YOUR INSTRUCTIONS
Will you transcribe all the entries word for word, skipping the pictures they hold?

Image-text web data
= Beginning of Section =

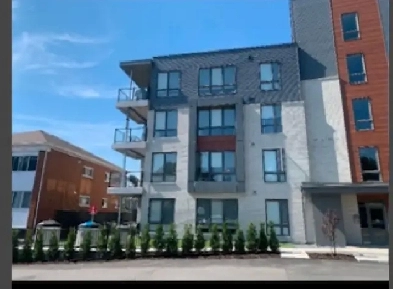 Grand Condo 4 1/2, Deux-Montagnes, garage ascenseur Image# 9
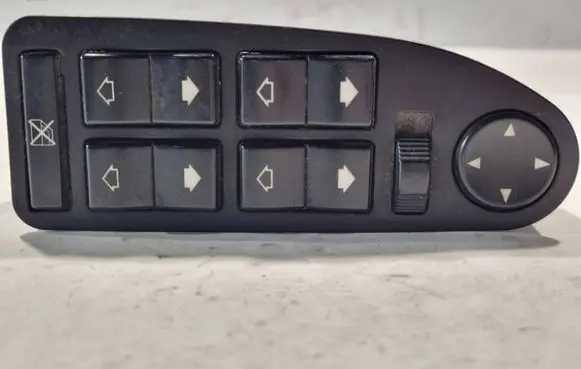 BMW 5 E39 Quarter vent window switch 8368966 9726 049682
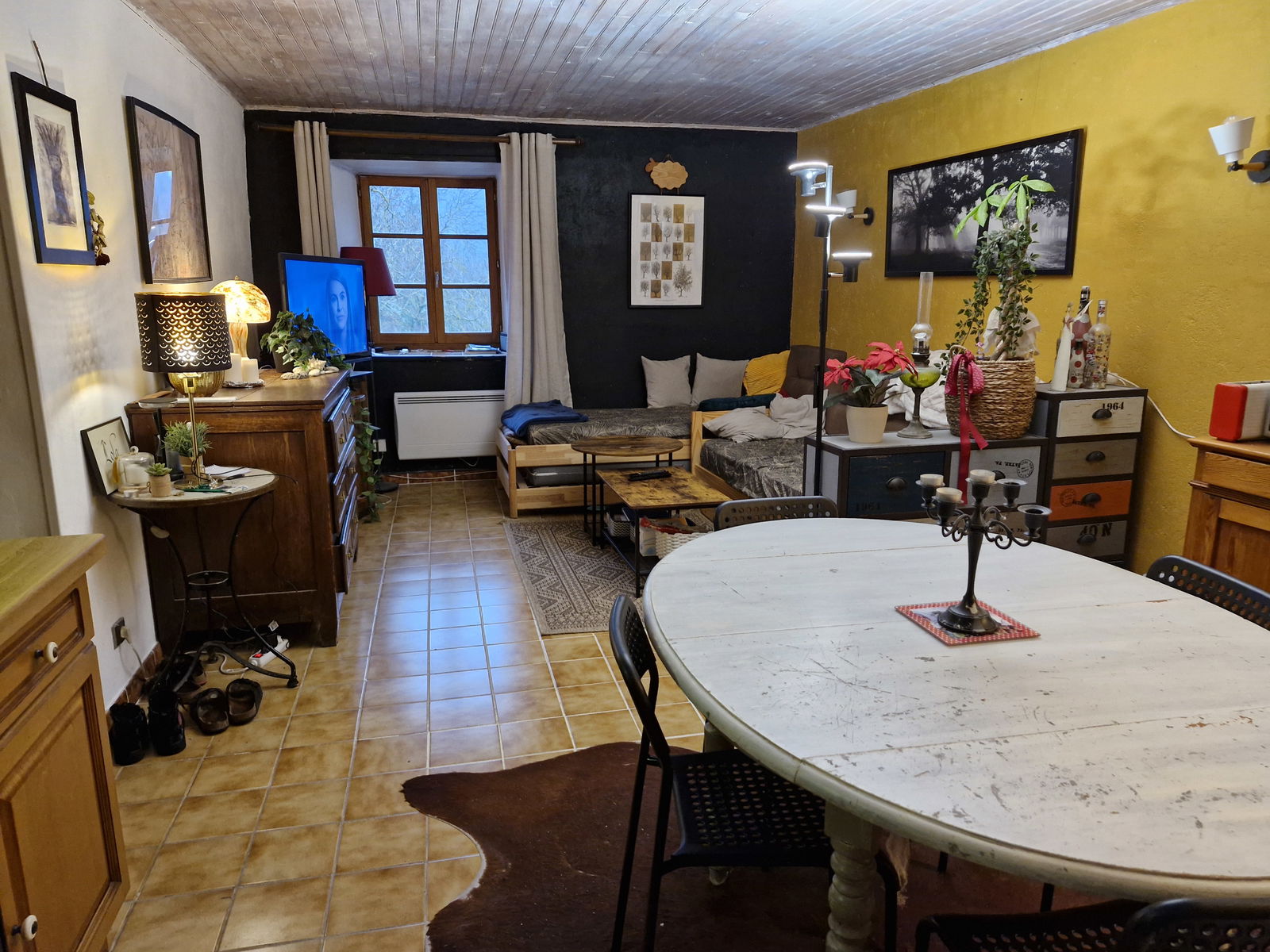 Famiglia Saint-Julien-d'Intres 659944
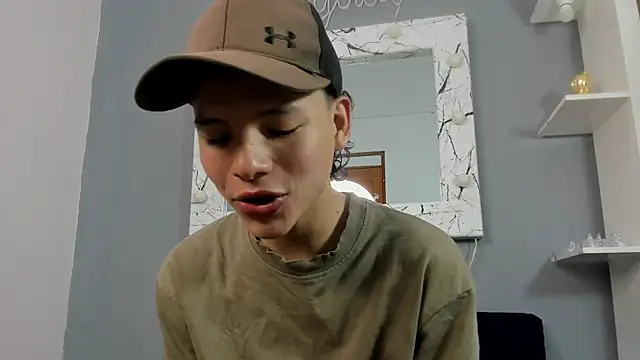 Snapshot of camillo_virgil chatting on September 14, 11:01 am camillo virgil online show from September 14, 11:01 am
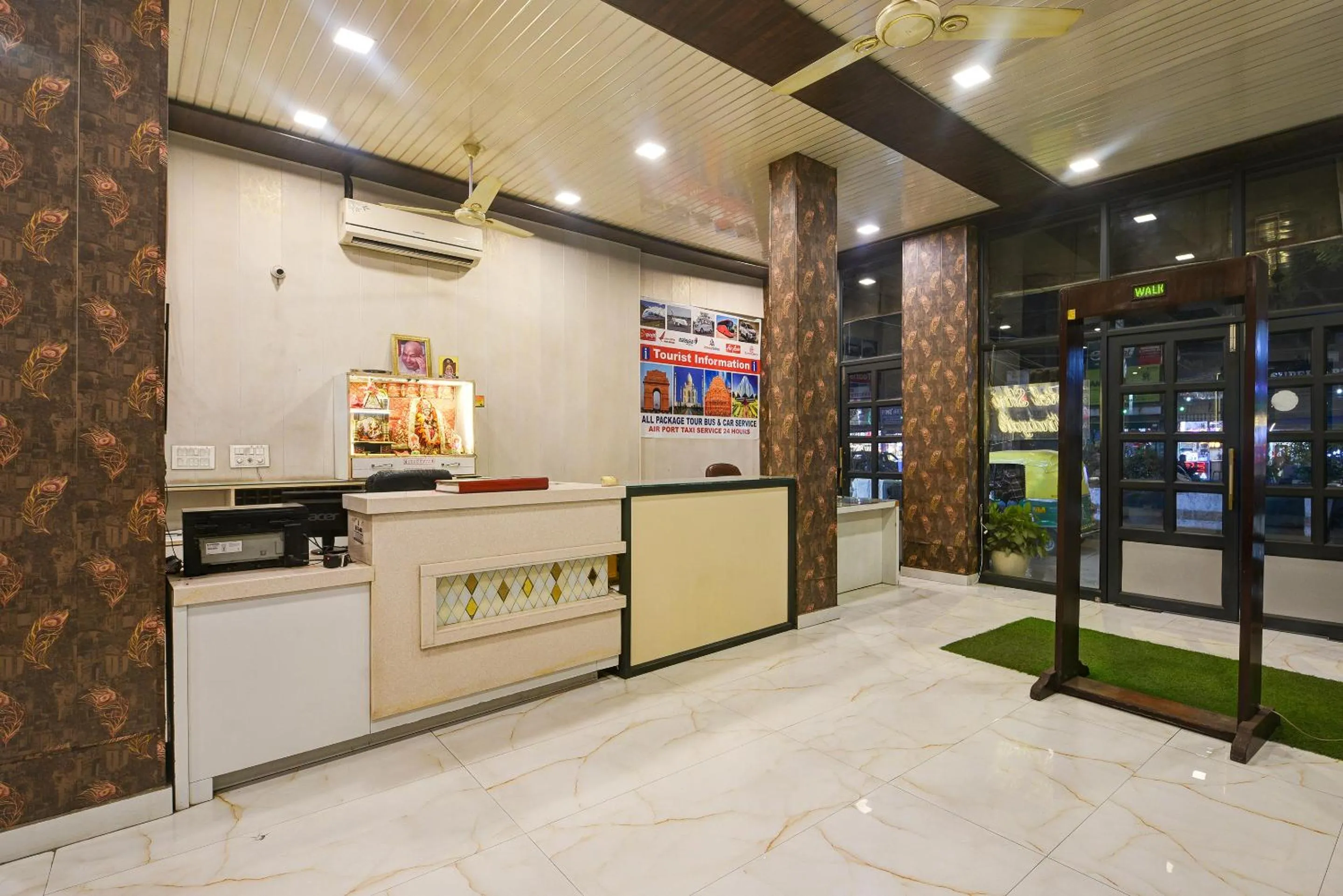 Lobby or reception in Hotel Shri Vinayak in City Centre at New Delhi Railway Station-By RCG Hotels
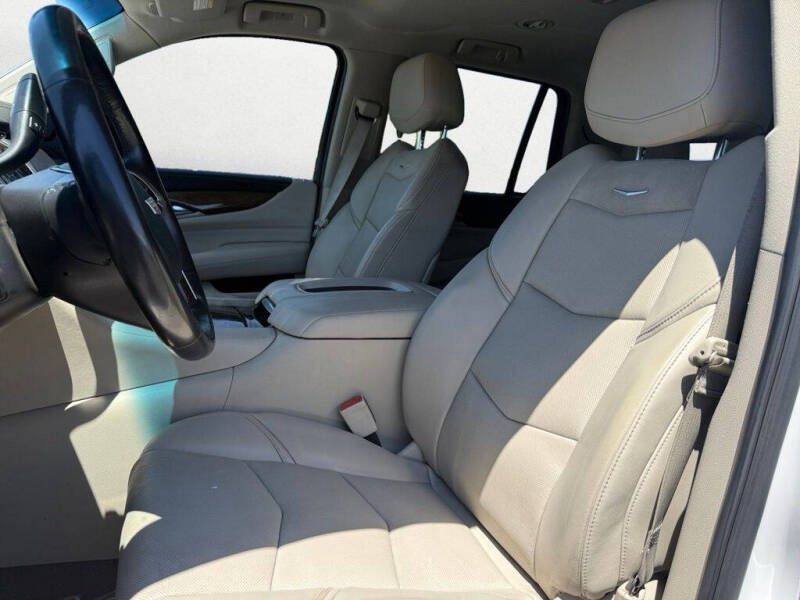 2019 Cadillac Escalade Standard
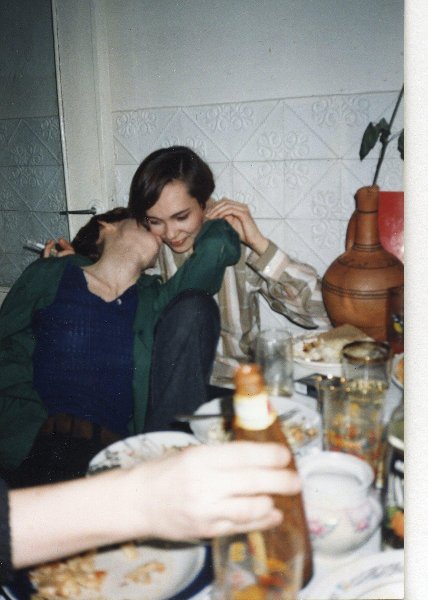 Без названия, 1991 - 1999. Выставка «Разговоры на кухне» с этой фотографией.
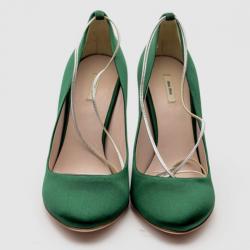 مملوكة مسبقًا Miu Miu Emerald Green Satin Pumps Size 37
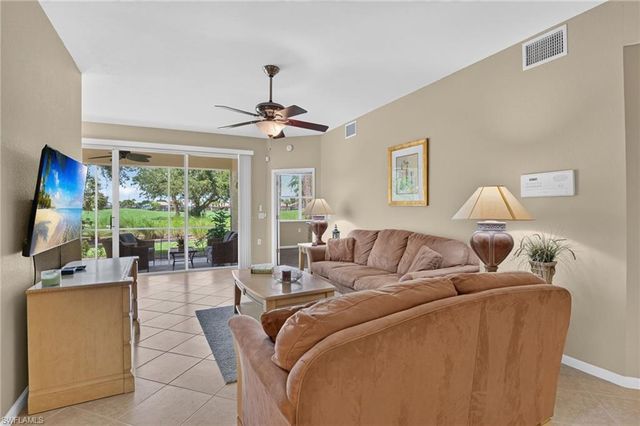 3131 Meandering WAY 101, Fort Myers, FL 33905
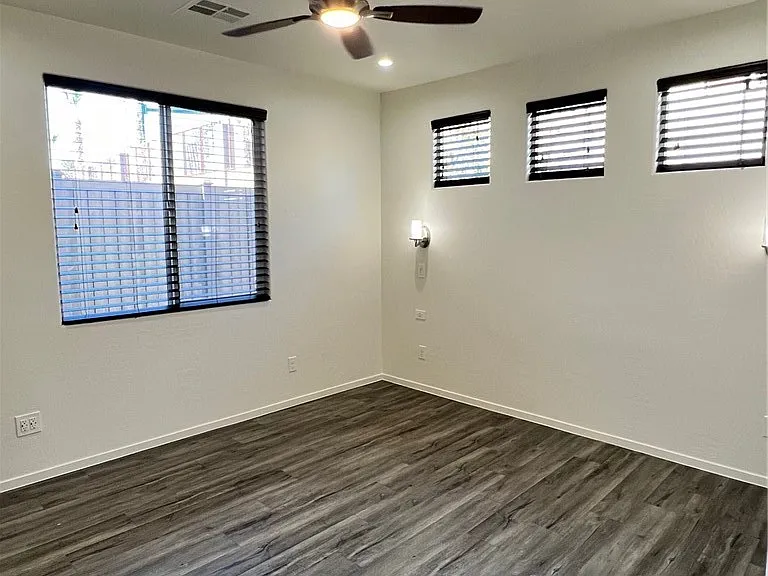 1586 Tilman Ln — Photo 10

= End of Section =

REPLY TO THE TASK
 Grand Condo 4 1/2, Deux-Montagnes, garage ascenseur Image# 9
 BMW 5 E39 Quarter vent window switch 8368966 9726 049682
 Famiglia Saint-Julien-d'Intres 659944
 Snapshot of camillo_virgil chatting on September 14, 11:01 am camillo virgil online show from September 14, 11:01 am
 Lobby or reception in Hotel Shri Vinayak in City Centre at New Delhi Railway Station-By RCG Hotels
 2019 Cadillac Escalade Standard
 Без названия, 1991 - 1999. Выставка «Разговоры на кухне» с этой фотографией.
 مملوكة مسبقًا Miu Miu Emerald Green Satin Pumps Size 37
 3131 Meandering WAY 101, Fort Myers, FL 33905
 1586 Tilman Ln — Photo 10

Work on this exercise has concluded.